JS: Mais ainda, se vamos falar de paz e vamos falar de armas, como podemos passar agachados ante uma doutrina militar que tem tolerado o paramilitarismo? Agora nos querem vender a mentira de que os militares – alguns, muitos, não importa – nada têm que ver com a formação de um exército que chegou a ter – e tem – vários milhares de homens armados. Como podemos aceitar que semelhante força que cometeu os crimes mais atrozes que o país já conheceu se formou, cresceu e se fortaleceu às costas dos generais, sem que em mais de 20 anos de tivesse produzido um só combate com a Polícia e o Exército? Que classe de generais temos, então? A doutrina militar vigente deve ser discutida pelo país porque seus efeitos estão à vista de todo o mundo. Basta ler os jornais, basta contar os mortos e os desaparecimentos registrados pelas ONGs. Como sabe o Exército quantos homens e mulheres temos, suas idades, seu lugar de nascimento, e não diz quantos homens, mulheres e crianças morreram no país durante os 60 anos de confrontação armada? A simples cifra é um argumento para que se discuta uma doutrina militar que tem favorecido tal quantidade de mortos e desaparecidos, de falsos positivos, de massacres, de torturas. Saquemos os trapos ao sol, todos os trapos, e que isto seja, em vez de um varal de mortos, um varal de confissões francas e valentes. Não temamos a verdade da guerra, uma guerra em que estão comprometidas duas partes e não uma somente.

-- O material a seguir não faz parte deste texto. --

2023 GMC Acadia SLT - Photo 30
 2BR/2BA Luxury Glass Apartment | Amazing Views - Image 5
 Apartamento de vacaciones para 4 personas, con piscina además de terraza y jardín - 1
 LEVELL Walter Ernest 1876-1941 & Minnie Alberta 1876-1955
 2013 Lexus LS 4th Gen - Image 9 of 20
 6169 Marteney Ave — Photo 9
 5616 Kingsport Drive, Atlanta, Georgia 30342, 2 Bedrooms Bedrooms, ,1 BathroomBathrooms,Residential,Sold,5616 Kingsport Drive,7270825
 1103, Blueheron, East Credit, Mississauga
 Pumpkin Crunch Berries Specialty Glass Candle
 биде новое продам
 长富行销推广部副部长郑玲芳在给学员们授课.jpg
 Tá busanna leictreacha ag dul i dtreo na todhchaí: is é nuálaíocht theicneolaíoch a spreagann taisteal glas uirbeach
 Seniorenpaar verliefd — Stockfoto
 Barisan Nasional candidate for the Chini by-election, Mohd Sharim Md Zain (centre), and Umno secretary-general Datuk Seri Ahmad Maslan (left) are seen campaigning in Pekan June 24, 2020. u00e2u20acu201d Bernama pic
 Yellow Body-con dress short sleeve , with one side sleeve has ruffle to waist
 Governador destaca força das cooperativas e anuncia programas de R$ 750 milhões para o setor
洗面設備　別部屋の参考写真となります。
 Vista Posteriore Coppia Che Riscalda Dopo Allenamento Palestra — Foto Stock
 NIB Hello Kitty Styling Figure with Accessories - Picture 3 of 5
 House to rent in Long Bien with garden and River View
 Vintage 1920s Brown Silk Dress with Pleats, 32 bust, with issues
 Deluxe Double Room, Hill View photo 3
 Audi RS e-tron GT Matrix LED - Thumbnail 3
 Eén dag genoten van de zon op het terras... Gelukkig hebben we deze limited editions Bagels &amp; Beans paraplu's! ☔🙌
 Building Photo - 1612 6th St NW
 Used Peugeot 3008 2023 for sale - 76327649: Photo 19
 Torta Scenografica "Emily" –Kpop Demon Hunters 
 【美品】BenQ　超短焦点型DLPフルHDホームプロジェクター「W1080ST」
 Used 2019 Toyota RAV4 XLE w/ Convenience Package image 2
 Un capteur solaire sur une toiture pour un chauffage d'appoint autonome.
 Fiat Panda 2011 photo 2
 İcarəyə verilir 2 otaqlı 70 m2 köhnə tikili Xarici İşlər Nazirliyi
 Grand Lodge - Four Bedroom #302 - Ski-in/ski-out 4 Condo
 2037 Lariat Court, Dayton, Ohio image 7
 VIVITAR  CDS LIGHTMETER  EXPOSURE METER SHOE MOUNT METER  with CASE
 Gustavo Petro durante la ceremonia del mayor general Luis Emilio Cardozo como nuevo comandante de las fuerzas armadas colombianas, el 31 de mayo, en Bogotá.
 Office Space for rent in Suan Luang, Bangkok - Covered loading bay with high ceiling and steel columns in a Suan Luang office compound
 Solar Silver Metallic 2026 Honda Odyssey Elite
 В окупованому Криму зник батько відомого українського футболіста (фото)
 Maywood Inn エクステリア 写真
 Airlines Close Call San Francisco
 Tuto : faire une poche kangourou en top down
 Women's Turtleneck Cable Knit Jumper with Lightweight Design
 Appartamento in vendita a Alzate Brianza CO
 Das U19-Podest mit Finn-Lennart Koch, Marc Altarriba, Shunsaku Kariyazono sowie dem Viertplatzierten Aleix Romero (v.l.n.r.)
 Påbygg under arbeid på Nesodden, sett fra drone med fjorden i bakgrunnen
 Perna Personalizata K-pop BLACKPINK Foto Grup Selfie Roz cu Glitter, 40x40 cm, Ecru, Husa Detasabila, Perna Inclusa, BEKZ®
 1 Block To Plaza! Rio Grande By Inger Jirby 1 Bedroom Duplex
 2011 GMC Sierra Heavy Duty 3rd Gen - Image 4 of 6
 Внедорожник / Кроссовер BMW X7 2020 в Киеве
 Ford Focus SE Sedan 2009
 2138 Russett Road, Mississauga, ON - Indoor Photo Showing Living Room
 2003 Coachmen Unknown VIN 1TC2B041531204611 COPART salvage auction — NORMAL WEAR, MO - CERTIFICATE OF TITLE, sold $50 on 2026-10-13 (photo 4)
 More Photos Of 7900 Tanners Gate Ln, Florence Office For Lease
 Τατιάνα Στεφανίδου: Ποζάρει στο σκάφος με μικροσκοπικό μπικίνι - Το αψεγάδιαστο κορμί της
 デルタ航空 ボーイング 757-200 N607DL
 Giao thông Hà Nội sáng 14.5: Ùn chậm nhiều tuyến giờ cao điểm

AMB: Como destravar o novelo em que estamos metidos?
PC: O país está maduro para escutar com serenidade uma declaração de responsabilidade histórica no desastre que temos vivido durante 60 anos. Esse simples sinal sincero por parte do Governo permitirá avançar em transformar o acordo firmado num tratado de paz. Que se reconheçam as vítimas do conflito, as vítimas das duas partes. Que se ponham sobre a mesa todos os componentes do quebra-cabeças, que se tragam à mesa todas as vítimas e todos os vitimários, sempre e quando se reconheça que nós nos armamos em legítima defesa e que em legítima defesa temos sustentado uma longa guerra sem ser derrotados.
Quero dizer uma coisa em voz alta: Este Secretariado está disposto a buscar de uma vez por todas a dar um jeito. Propendemos por uma participação ativa de todo o povo, e a fórmula histórica é uma assembleia constituinte.
AMB: Estão vocês tão certos de ter nela maioria, ou melhor, de não ser uma minoria que possa ser massacrada?
PC: Cremos que o povo nos ouve. Porém, se o povo decide por maioria colocar-nos de lado, aceitamos seu veredito. São as regras do jogo. Nós apostamos numa assembleia constituinte com caráter legislativo para que não volte a passar o que passou com a de 1991, na qual, por exemplo, o princípio de ordenamento territorial não pôde sair do limbo. Agora, com a proposta de Zonas de Reserva Campesina, pode tomar vida.
Por último, digo para que se ouça: A Santos lhe falta governabilidade. Não se pode negar. Necessita uma maioria forte para poder assinar a paz e nós estamos dispostos a ajudar a construí-la sempre e quando tenha esse único objetivo: a paz, a reconciliação política definitiva entre colombianos.